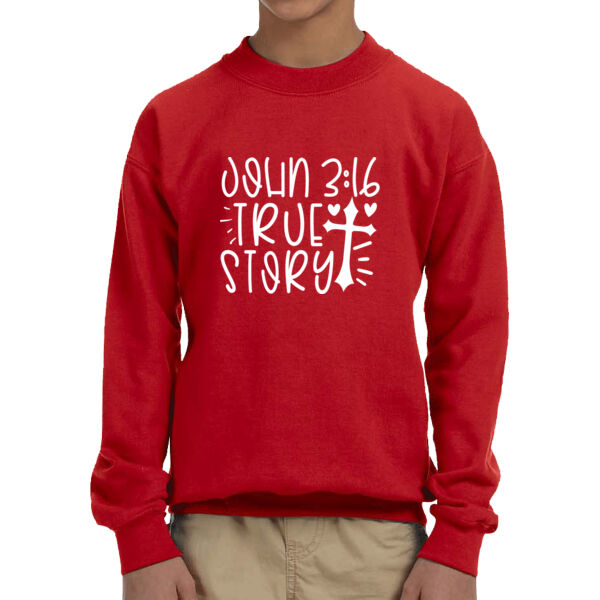 Jhon 3:16 True Story - Unisex  Youth Fleece Crew Sweatshirt  Thumbnail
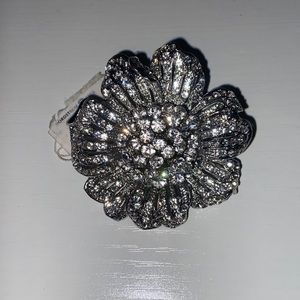 Adjustable Flower Cocktail Ring-silver
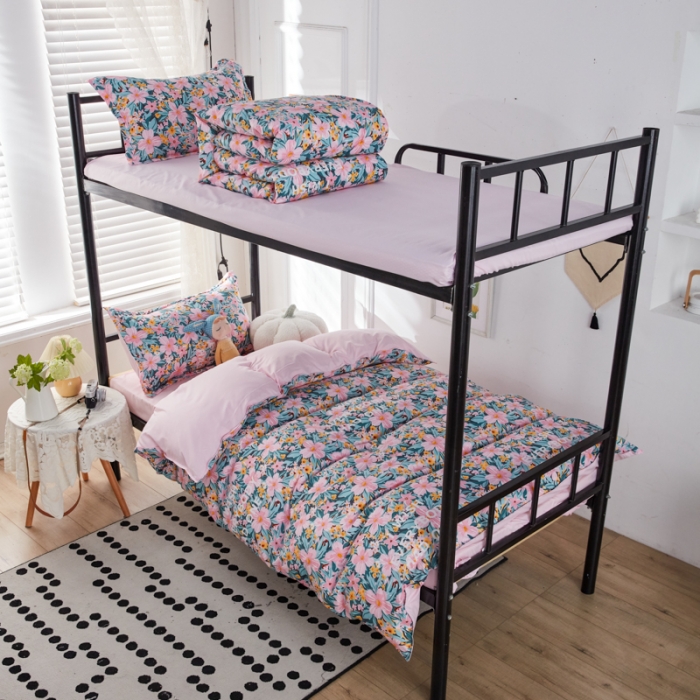 91家纺网 家纺一手货源 找家纺 乐居坊 2022新款芦荟棉上下铺学生床三件套四件套 清新少女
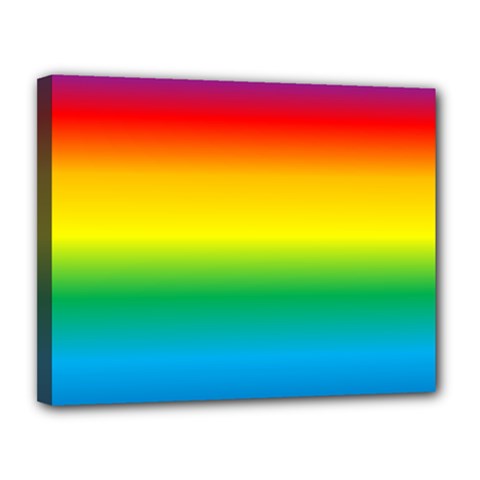Rainbow Background Colourful Canvas 14  X 11  by Simbadda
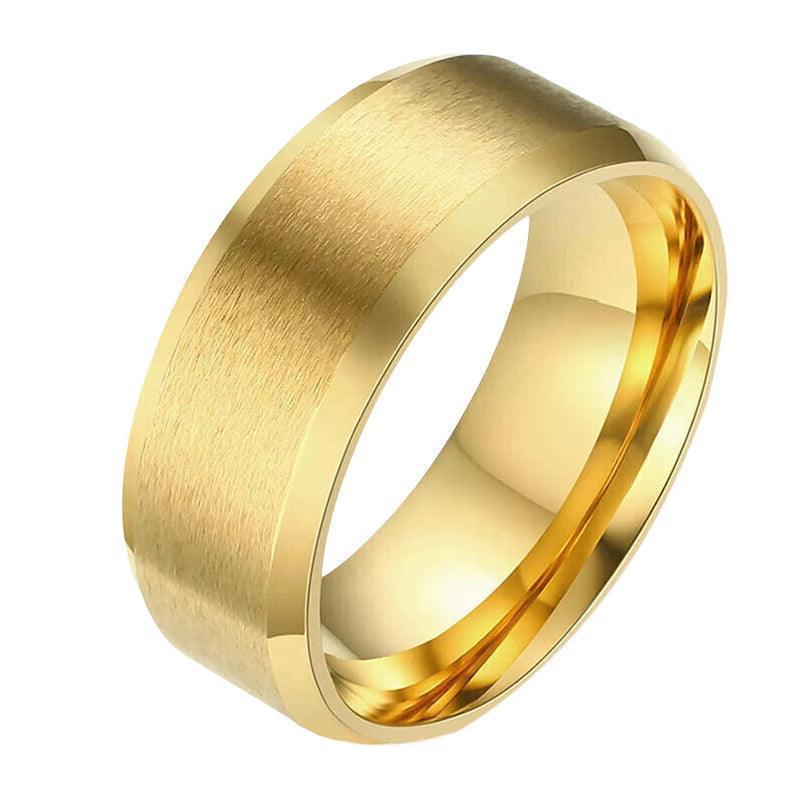 Titanium Stainless Steel 8mm Brushed Finish Wedding Band Comfort Ring Gold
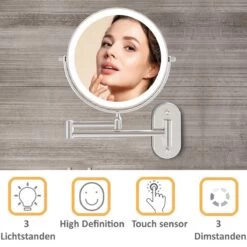 360° Draaibaar LED Scheerspiegel Met 5X Vergroting - 3 Lichtstanden - Dimstanden - Badkamerspiegel Met Natuurlijk Licht - Make-up Spiegel - Draadloos - Werkt Op Batterijen -Mooi Leven 1200x1200 1392
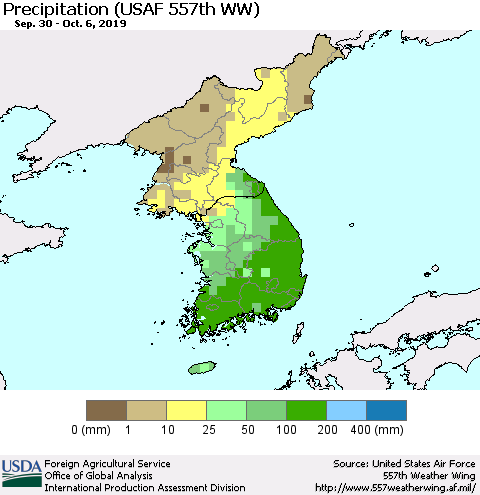 Korea Precipitation (USAF 557th WW) Thematic Map For 9/30/2019 - 10/6/2019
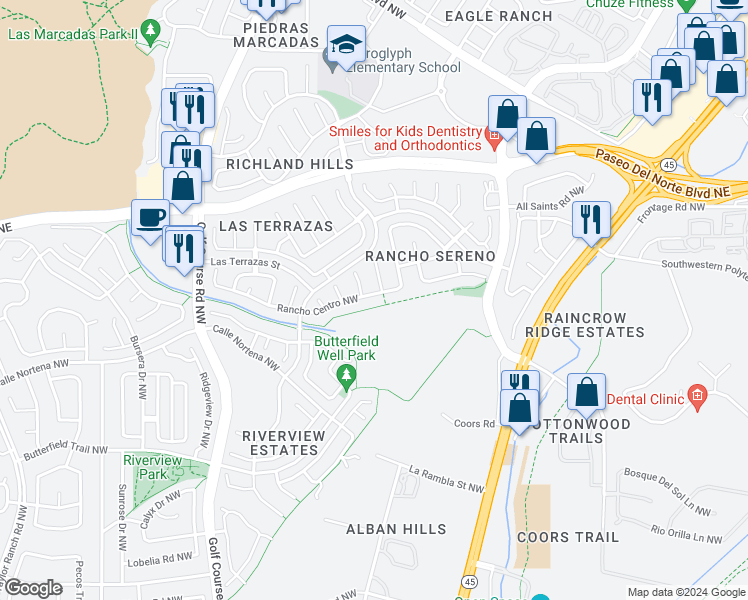 map of restaurants, bars, coffee shops, grocery stores, and more near 4122 Rancho Centro Northwest in Albuquerque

☆ ☆ ☆

Print all of the material exactly. Omit pictures.

**Finished task**:
 Jhon 3:16 True Story - Unisex  Youth Fleece Crew Sweatshirt  Thumbnail
 Adjustable Flower Cocktail Ring-silver
 91家纺网 家纺一手货源 找家纺 乐居坊 2022新款芦荟棉上下铺学生床三件套四件套 清新少女
Rainbow Background Colourful Canvas 14  X 11  by Simbadda
 Titanium Stainless Steel 8mm Brushed Finish Wedding Band Comfort Ring Gold
 360° Draaibaar LED Scheerspiegel Met 5X Vergroting - 3 Lichtstanden - Dimstanden - Badkamerspiegel Met Natuurlijk Licht - Make-up Spiegel - Draadloos - Werkt Op Batterijen -Mooi Leven 1200x1200 1392
 Korea Precipitation (USAF 557th WW) Thematic Map For 9/30/2019 - 10/6/2019
 map of restaurants, bars, coffee shops, grocery stores, and more near 4122 Rancho Centro Northwest in Albuquerque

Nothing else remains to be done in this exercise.